I sewed my skins on using the ‘welting-cord’ method – mainly because I prefer the look of the seam that this method gives. And it’s the method I teach when I run classes.

Coating and Rigging the boat

I coated the boats with Corey’s Spirit-line Urethane. Applying it with a roller is best (I’ve also tried squeegeeing it on a larger guideboat that I previously built. The roller is much easier!). I rigged the boat with latigo straps that I buy from a very old tannery here in Bristol (Thomas Ware & Sons, Est. 1840).

So… what did we think?

The West Greenland is a fantastic boat – sleek and fast. I love paddling mine.

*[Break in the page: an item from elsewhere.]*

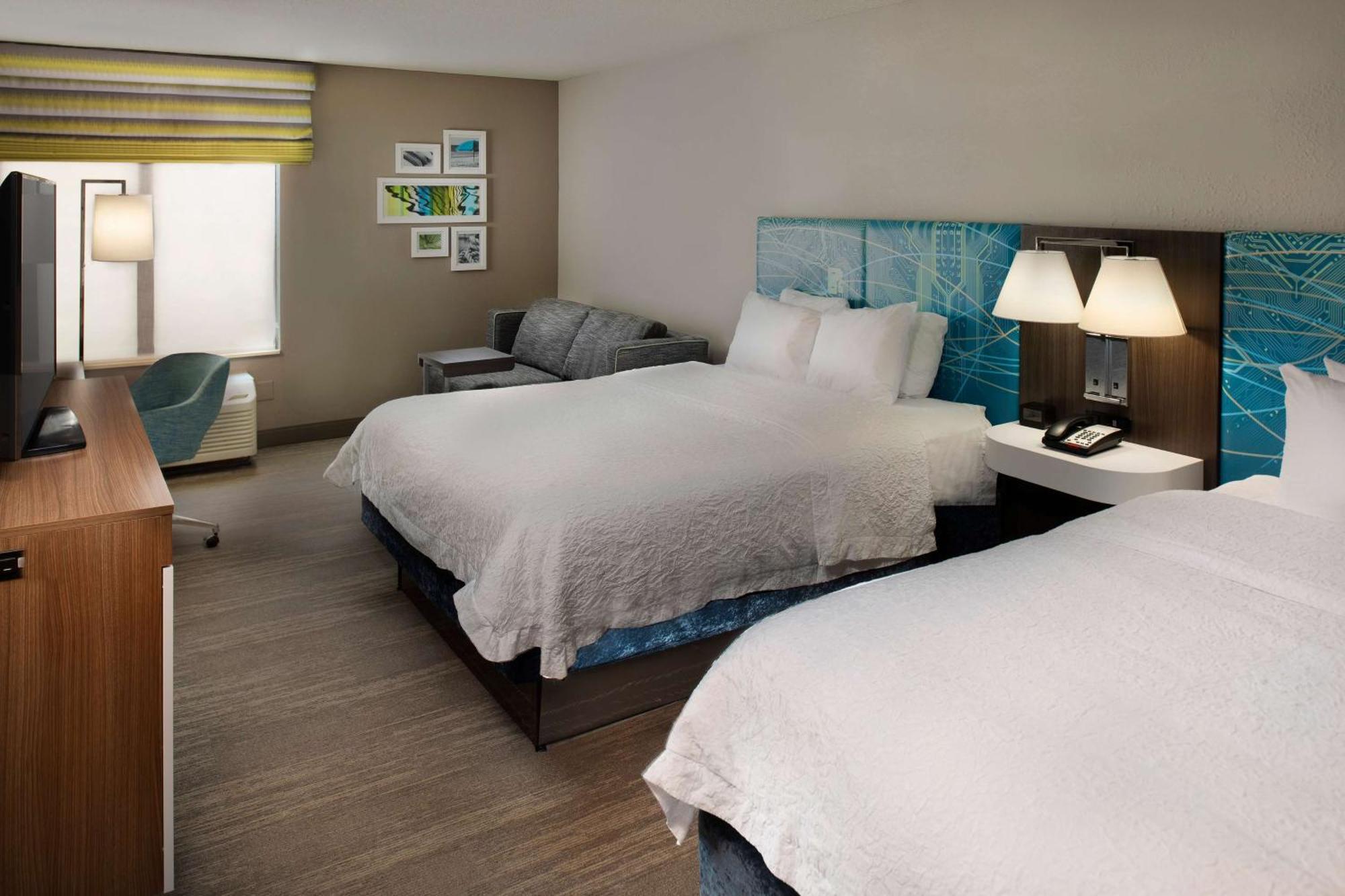 Queen Room With Two Queen Beds with Study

*Edit*. I’ve since loaned this boat out to someone who’s training for a Greenland rolling competition.

Image may contain: 1 person, standing, sky, ocean, cloud, outdoor, nature and water

Image may contain: one or more people, ocean, sky, outdoor, water and nature

Thanks for reading and for more information about me visit www.shipshape.works or find me on Facebook

Ant Mace

View posts by Ant Mace
I'm a wooden boatbuilder, who also loves kayaking! I build kayaks and other craft from my workshop at Underfall Yard, Bristol (UK)

4 Comments

  1. Nick Gates
    November 27, 2018

    Hi, Did you finish the kayaks?

    Reply
    1. Ant Mace
      February 13, 2019

      Yes I did – only just got around to updating the blog though!

      Reply
  2. Justin
    March 12, 2019

    How did you managed to get corys urethan? On skinboats.org I only found delivery options to the us and Canada.

    Reply
    1. Ant Mace
      March 12, 2019

      Hi there, I bulk order it for the skin-on-frame building classes I run. It is expensive to have it shipped to the UK, but I haven’t found a good enough alternative yet (easy to apply + friendly (non-toxic) for students to use + great strength/performance/longevity). Contact me if you’re interested in picking some up from me. Unfortunately I can’t give you a price here as my costs vary because the UK customs charge change for each shipment. If you want a whole kit (Skin + coating), it is worth getting this direct from Corey – just email or skype him.

      An alternative that is easy to get in the UK is Urecoat from Smooth-on. However, it’s slightly softer, has a much shorter pot life (8 mins) and your need to be more mindful of fumes and getting it on your skin than Corey’s goop. I suggest getting a trial pack before committing. I don’t use it for my classes or commissions.